O que embaça o longa-metragem é São Paulo. Quanto mais a narrativa do documentário se prende a um localismo excessivo, questões urbanas de São Paulo, questões políticas de São Paulo, mais distante vai ficando do Brasil. É óbvio que não há como reivindicar uma ruptura com o berço da companhia, nem isso faria nenhum sentido, mas há pouco esforço de Joaquim Castro e Lucas Weglinski para flagrar o Oficina para além de suas fronteiras físicas. O dilatar do Teatro Oficina de São Paulo para o Brasil e para o mundo passa batido ou fica num lugar coadjuvante no filme. É incômodo esse silêncio num lugar em que a ação do grupo é estridente.
Teatro Oficina na estrada
Em plena ditadura, aquela deflagrada em 1964, já com o nefasto AI-5 em vigor, há que se registrar, o Teatro Oficina pôs sua cena na estrada. Na rota da emblemática Viagem de Utopia dos Trópicos, que, em dez meses consecutivos, ligou o Rio de Janeiro a Manaus, o grupo percorreu o interior do Brasil. Na bagagem, o Oficina carregava: Pequenos Burgueses, de 1963, O Rei da Vela, de 1967, e Galileu Galilei, de 1968. Gorki, Oswald e Brecht comeram muita poeira.

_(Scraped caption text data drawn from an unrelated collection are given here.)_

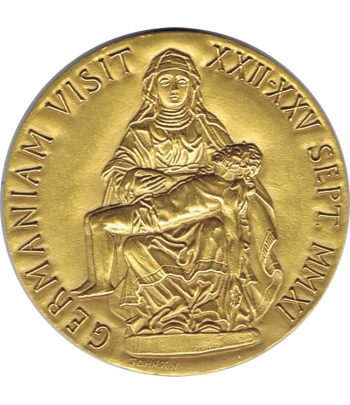 Medalla de Vaticano Benedicto XVI en Alemania año 2011 en bronce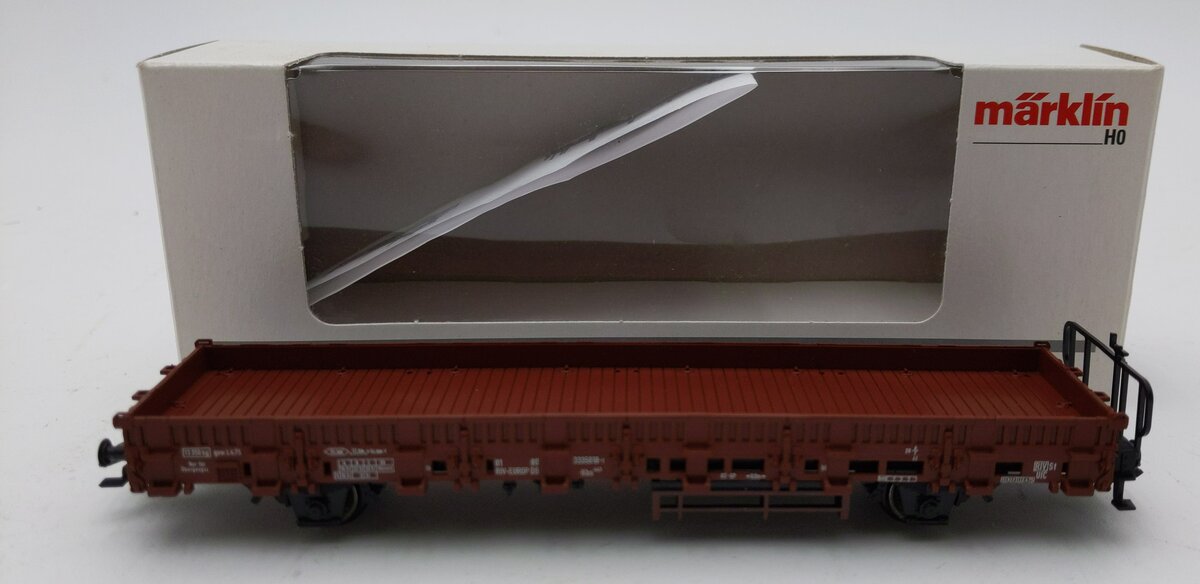 Marklin 4694 HO Scale DB Flatcar w/Brakeman's Platform LN/Box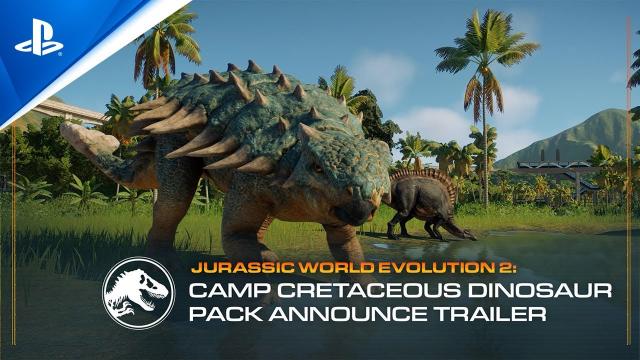 Jurassic World Evolution 2 - Camp Cretaceous Dinosaur Pack Announcement | PS5, PS4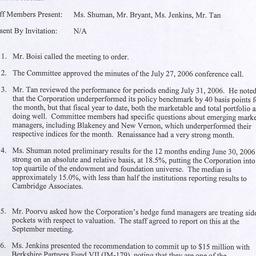 Investment Committee Meeting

Não era propriamente uma turnê, muito menos um projeto de circulação de espetáculos, era mais um movimento de busca, de encontro, de descoberta. No Ceará, além de Fortaleza, a companhia passou pelo Crato e por Juazeiro do Norte. Não é que o Oficina conhece primeiro a terra do Padre Cícero que a do Beato Antônio Conselheiro!
Os desdobramentos desse caminhar foram aparecendo aos poucos, aqui e alhures, a partir dos anos seguintes, nas roupas, nos costumes, nas comunidades alternativas, nos grupos de teatro independentes que passaram a pipocar Brasil adentro, nas atitudes contestatórias, na insubmissão mais completa, enfim.

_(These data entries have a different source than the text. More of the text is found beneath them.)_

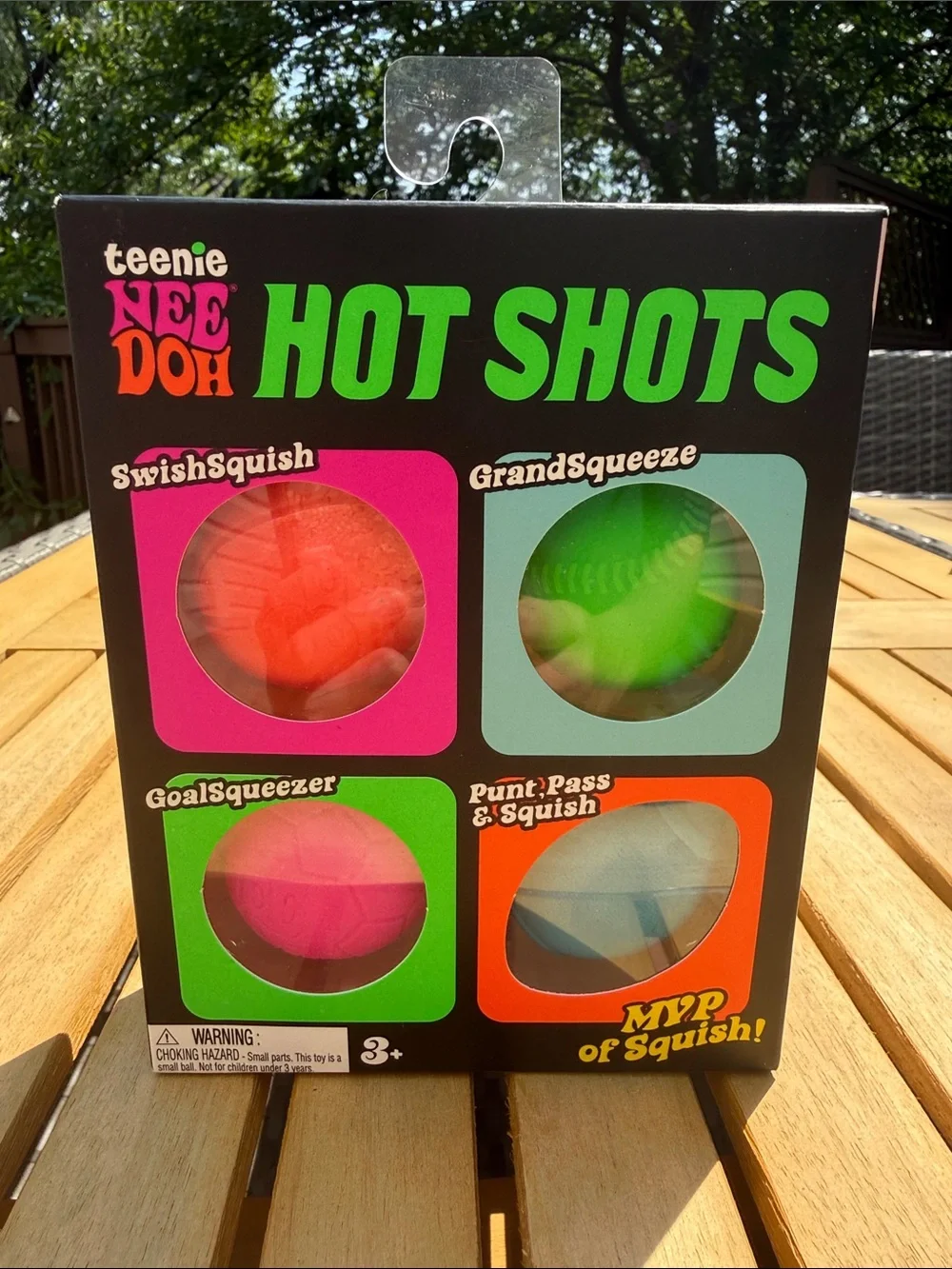 Needoh-Hot Shots Squishy Stress Balls - Multi-Color Set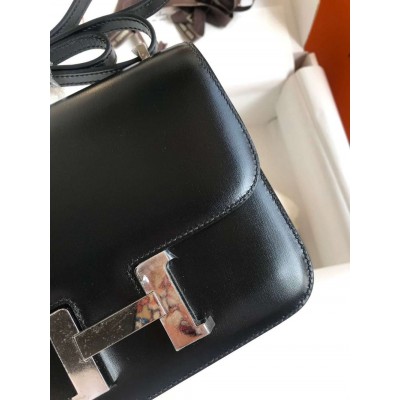 Hermes Constance 18 Handmade Bag In Black Box Calf Leather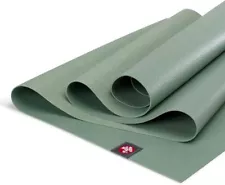 Manduka Leaf Green 71 Inch Durable Lightweight Portable Yoga Mat 1.5mm Thick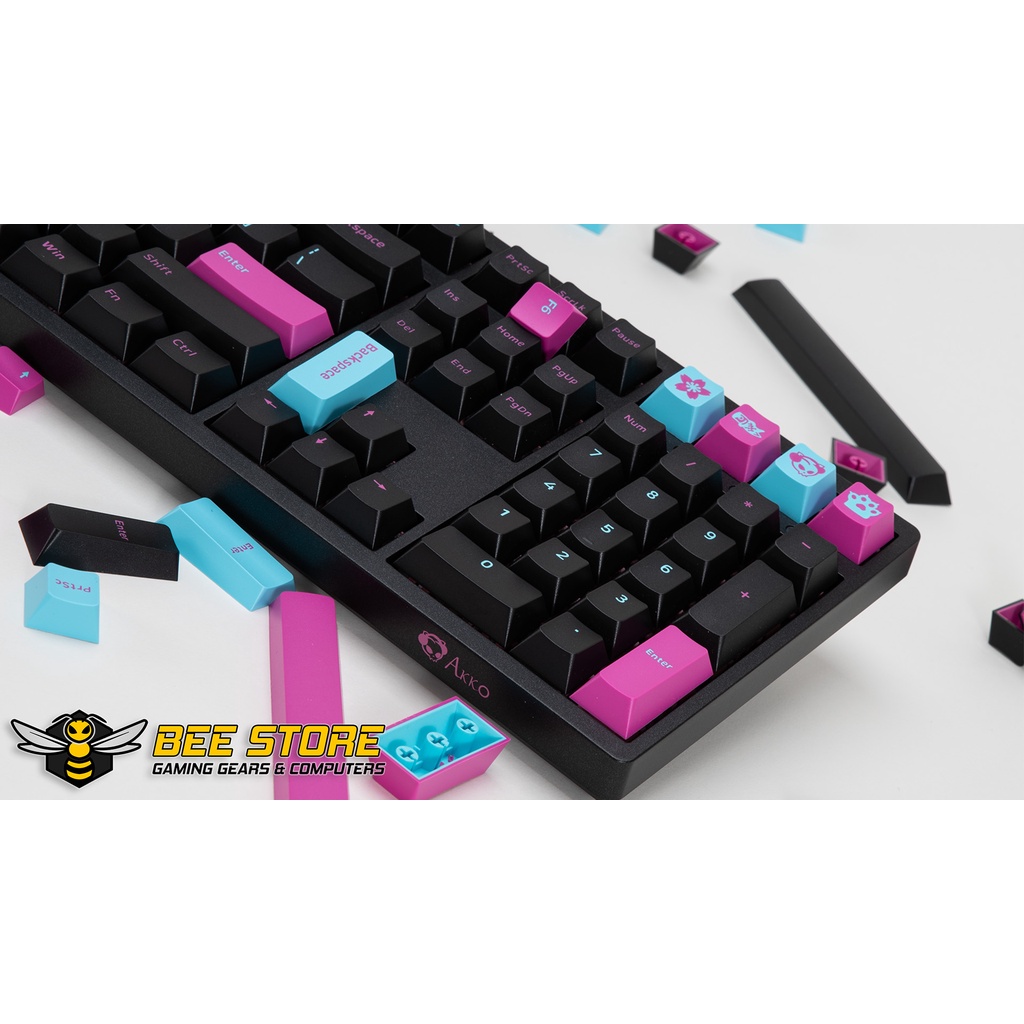Bàn phím cơ AKKO 3108 Midnight R2 - Tặng kèm 40 keycap | Hàng chính hãng bảo hành 12 tháng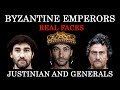 Byzantine Emperors - Justinian - Real Faces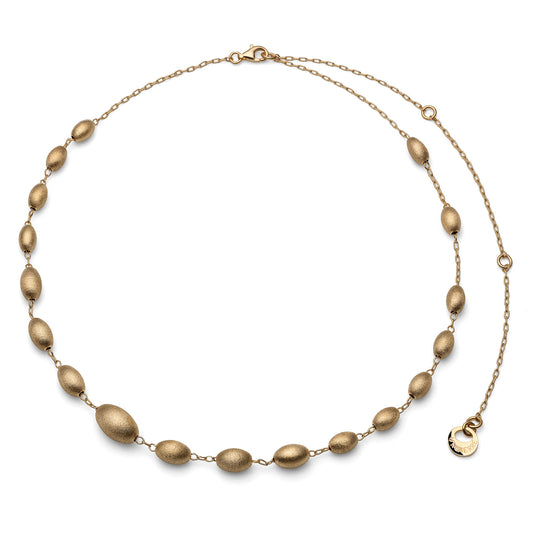 Collana in argento dorato satinato - 703YHW4244000   6660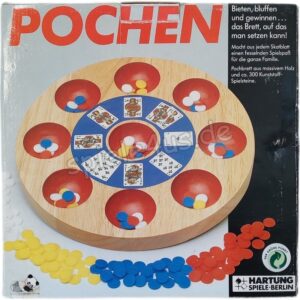 Pochen Holz mit Spielmarken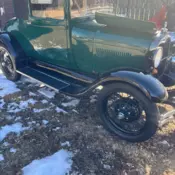 1928 Ford Model A Sport Coupe Automobile Restored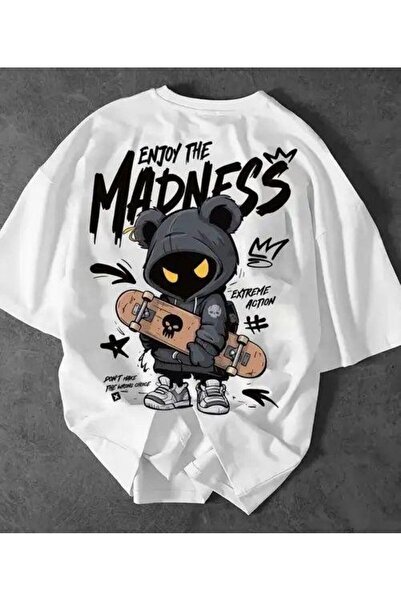 LELVANİ Enjoy the Madness Written Print Tshirt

Esse episódio, central para a história do Oficina e para a história do teatro no Brasil, não aparece em Máquina do Desejo – Os 60 Anos do Teatro Oficina. Como também não aparece boa parte das errâncias mais recentes da companhia, como a que levou quatro dos cinco fragmentos de Os Sertões para o Festival de Recklinghausen, na Alemanha, em 2004, e trouxe a íntegra da montagem de mais de 30 horas para Quixeramobim e daqui seguiu para Canudos, no interior da Bahia, em 2007. A sorte é que o filme, embora não dê conta de todos os passados do grupo, tem como foco uma explosão de presentes e de futuros.
O Oficina está vivo, atual e atuante. O documentário dos 70 anos, certamente, será melhor! Evoé!